STUDY OF ELECTRON LOSSES IN NANOSTRUCTURED ANATASE USING TRANSIENT ABSORPTION SPECTROSCOPY

摘要

In order to elucidate electron migration in dye-sensitised nanoporous anatase TiO_2, time-of-flight short-circuit photocurrents and transient absorption spectra between 500 and 2000 nm have been recorded. It is found that electrons in TiO_2 dominate the transient absorption between 900 and 1100 nm, whereas at wavelengths longer than 1100 nm absorption by electrons in the SnO_2:F substrate prevails. To facilitate a qualitative analysis, the absorption cross-sections of electrons in TiO_2 and SnO_2:F have been measured. Combining transient absorption and photocurrent response data, the time-resolved recombination loss can be determined. When the excitation density is below 33.5 μJ/cm~2, on average less than one electron per nanoparticle is injected.
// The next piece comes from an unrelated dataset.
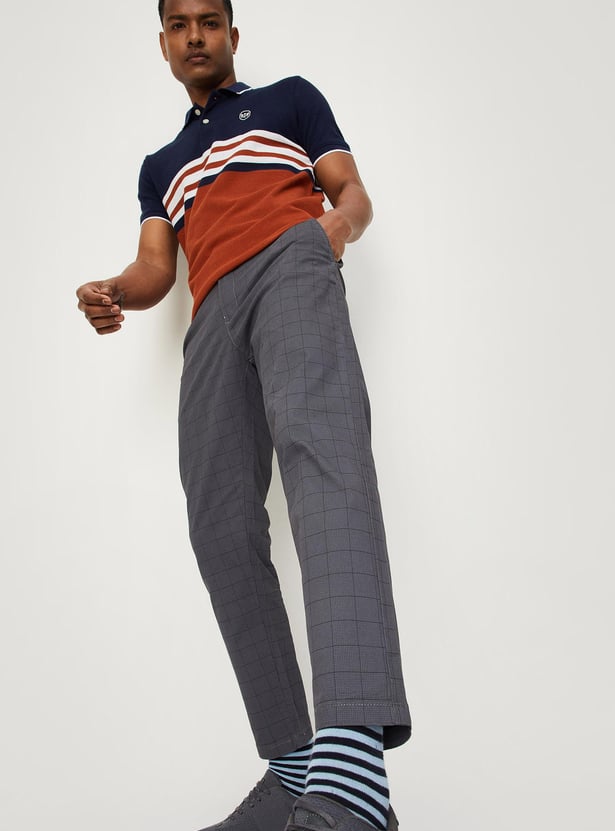 Men Carrot Fit Checked Stretch Chinos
Under this condition the IPCE equals unity. When higher excitation densities are applied, more than one electron per nanoparticle is injected, losses become significant, and the IPCE reduces to 40%. The time evolution of the recombination loss reveals that recombination primarily takes place with a few microseconds. One mechanism involves the recombination of electrons with dye cations, occurring in the first 20 ns after laser flash excitation.